Major Matt "Show Poem" from: Rabbit Killer, Folkicide, Major Matt Mason USA @ Davey's Uptown- KC,MO- 2/13/13
Just before waking up today I had an anxiety dream. I’ve grown to kind of enjoy anxiety dreams. They seem to be the kinds dreams that I remember most frequently. This dream took place on the day of my college graduation. I was waiting in a room, preparing to walk out onto a field with my fellow graduates. Then I realize that I’m supposed to be giving a speech of some kind and I’ve done absolutely nothing to prepare for it. There’s a couple of other very smart looking people in the room with me that are looking over notes and mumbling to themselves like they're rehearsing their own speeches.

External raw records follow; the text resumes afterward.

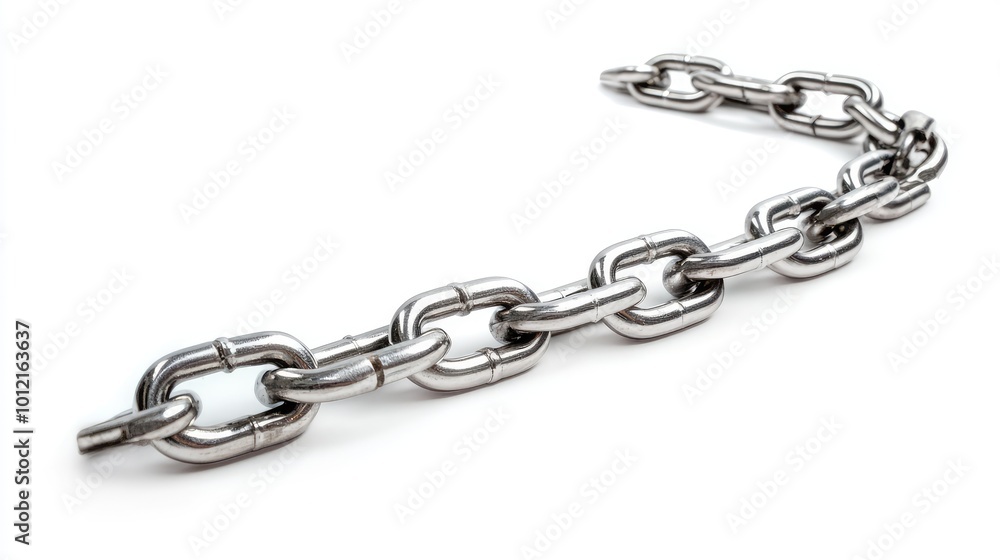 Obraz premium Single Metal Chain -- AI Generated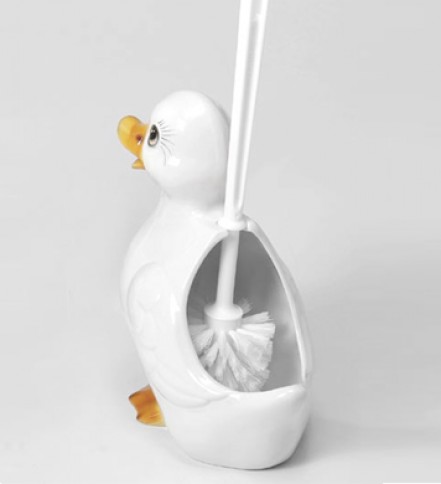 WC brush holder white Duck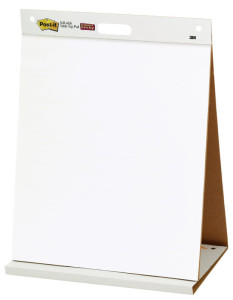 Post-it Meeting Chart Super Sticky, avec support, blanc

All of a sudden the door to the room opens and a woman pokes her head in and says, “It’s time.” I start sweating as I fumble into my graduation robe and start walking down this long hallway with the other speakers. I’m feverishly trying to think about what I’m going to say as I adjust my mortarboard on top of my head. I’m freaking out a little but I’m also kind of excited. The strange thing that seems different about this anxiety dream and others that I’ve had in the past is that I’m not actually all that stressed out. As I walk down the hall I feel like I’m coming up with this awesome idea for a speech that I never would have thought of if it weren’t for the fact that I’m completely unprepared. I’ve decided to embrace my fear and just come clean to this huge stadium full of people and confess that I’ve more or less blown off my home work and that I’m totally winging it.
At this point I wake up.
Usually, when I wake up from an anxiety dream I’m super relieved that I’ve escaped this impossible position that I was in. But this time it’s different. I was kind of looking forward to seeing how the speech turned out. So, it’s almost like in a matter of seconds, right before I woke up, my anxiety dream turned into a sex dream, where I always wake up right before I reach orgasm. I then realized that Sex Dreams are the second most remembered types of dreams that I have.

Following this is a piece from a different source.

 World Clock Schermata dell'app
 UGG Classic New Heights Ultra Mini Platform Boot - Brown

Aside from this frustration, I felt a special kind of peace upon waking from this dream this morning. Like some things have aligned in my conscious and unconscious world and that its going to be okay.
I’ll explain. Every time I play a solo show I’ve created this little self imposed pressure to do an original writing /poem that I’ll read at the show. Like, I’m doing right now. There’s always a bit of anxiety in the back of my head that some force, be it writers block or other commitments throughout the day, will prevent me from coming up with a good idea. I try not to push it, and occasionally I’ll go through most of the day with nothing. But luckily after doing this for about six years something always comes up and things seem to work out. Well, today, before I even woke up I had this idea. So, it didn’t even feel like I had to try on this one really.
And the triple whammy is that for the past week the reoccurring theme of FEAR has been popping up a lot in my life. Nan and I watched a Ted talk given by a woman where she talks about how fear is the opposite of love and how vulnerability is the source of all creativity and human connection. The last thing I remember in my dream is that the speech that I had planned on giving at the graduation was going to be something along those lines.
You know how people are always giving advice at commencement speeches like “We are the future! Follow your Dreams! Don’t be afraid!! Blah, Blah Blah!” Well, I was going flip that and say something like, "Be afraid! Be very afraid!!! And then be thankful. And follow your fear. Because that’s were you need to be. The other side of that fear is where you’re going to find the most fulfillment in your life. The point is not to eliminate fear or to be consumed by it. We should be eagerly seeking it out and talking through it. We should be thanking those that raise our fears to our consciousness. And instead of fearing the loss of things, we should be trying to teach ourselves how to love the things we fear."